### Task to complete
Output exactly, and only, the lines below from the one with "Faller 130677 Schwarzwald-Set" down to the one with "SUPERDRY muška majica". Include both end lines and no pictures.

### Source information
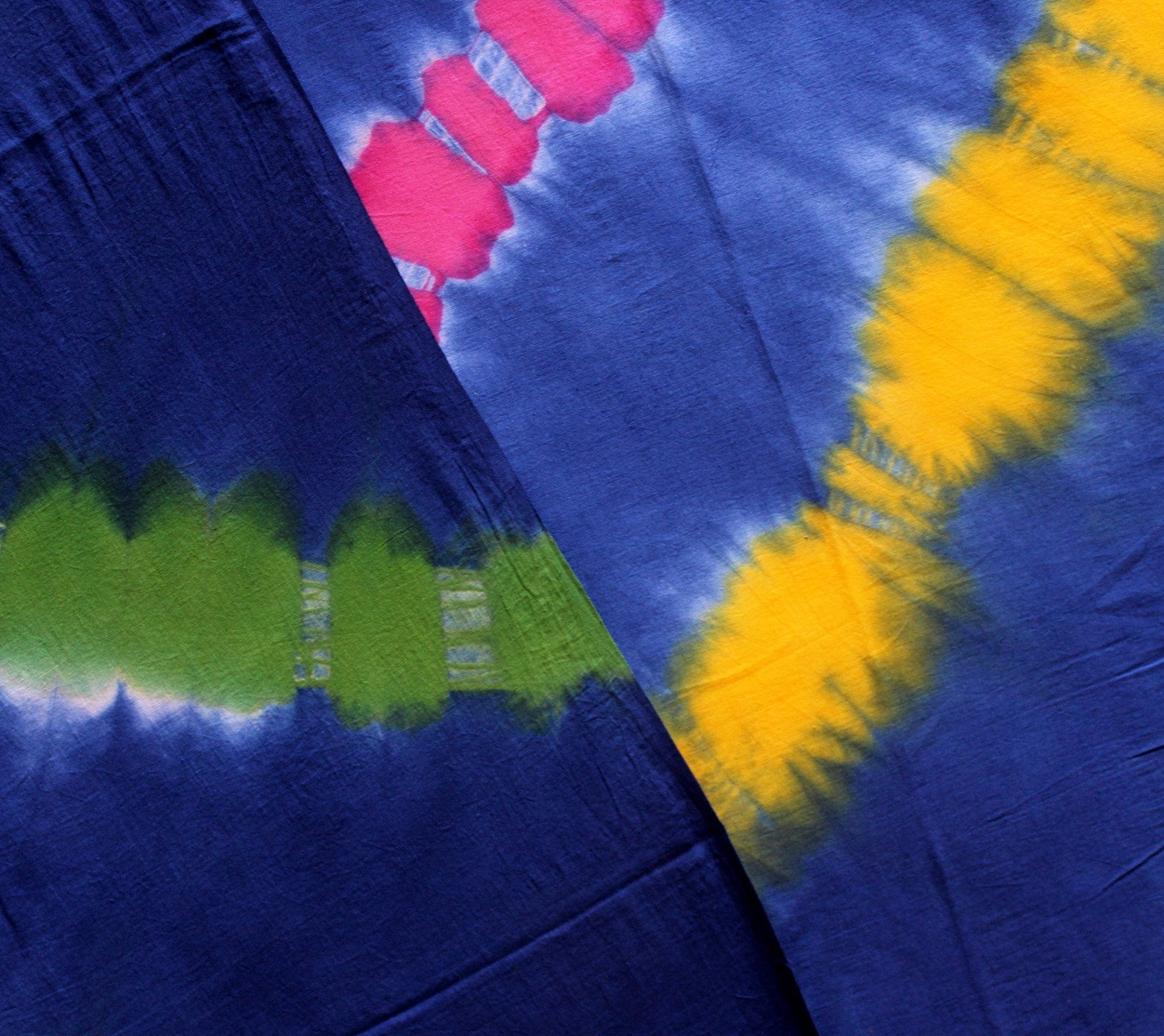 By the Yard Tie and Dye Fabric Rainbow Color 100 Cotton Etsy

* * *

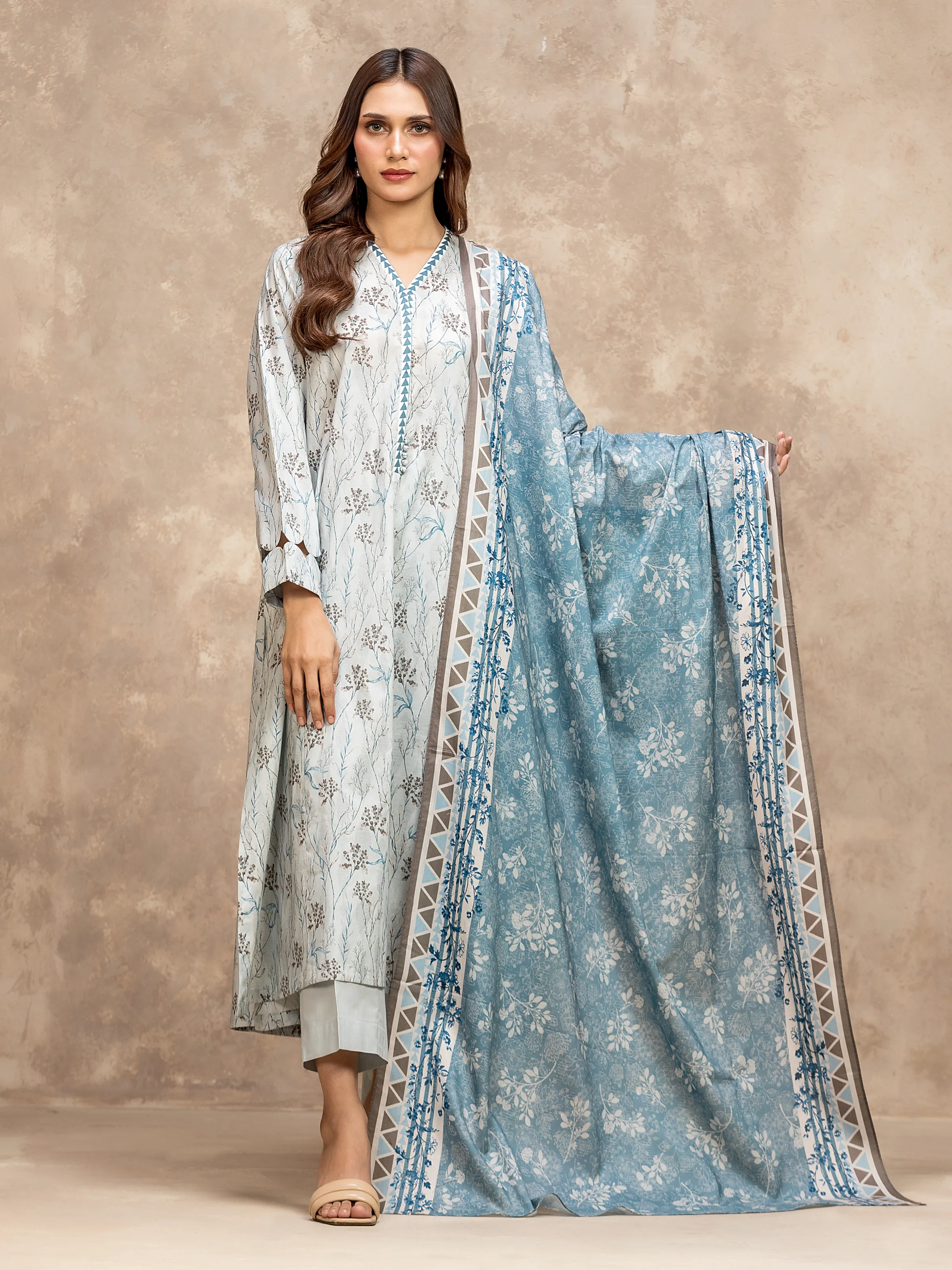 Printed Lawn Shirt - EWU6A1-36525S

---

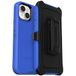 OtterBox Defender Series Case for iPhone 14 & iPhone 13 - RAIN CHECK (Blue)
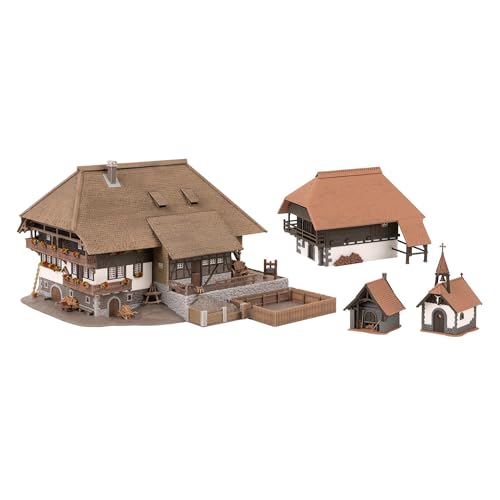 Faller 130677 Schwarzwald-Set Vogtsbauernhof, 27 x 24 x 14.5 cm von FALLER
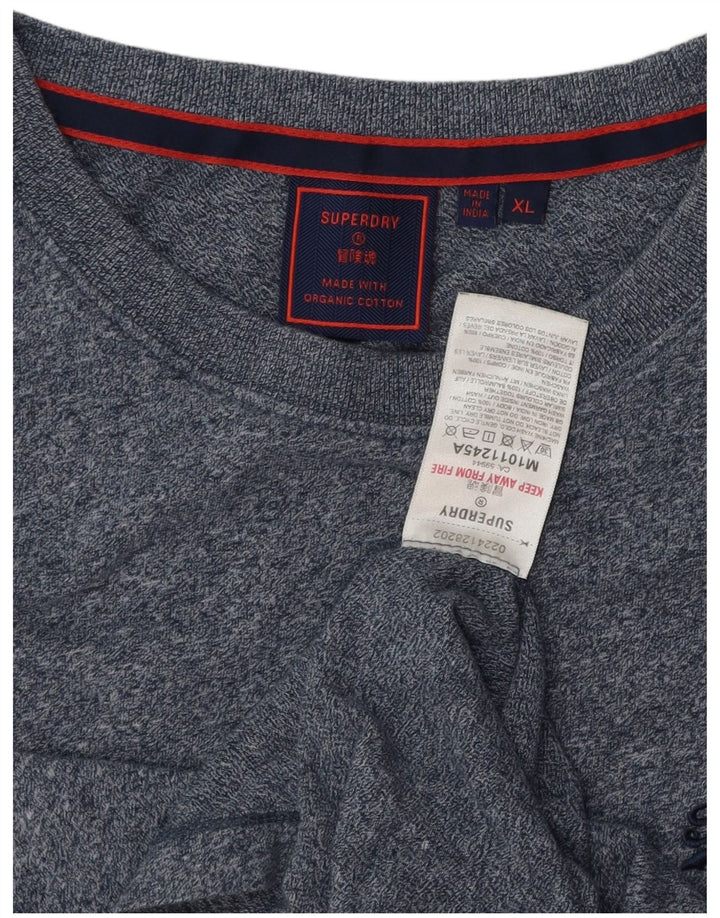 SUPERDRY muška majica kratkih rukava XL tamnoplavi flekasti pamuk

### Completed exercise
 Faller 130677 Schwarzwald-Set Vogtsbauernhof, 27 x 24 x 14.5 cm von FALLER
 SUPERDRY muška majica kratkih rukava XL tamnoplavi flekasti pamuk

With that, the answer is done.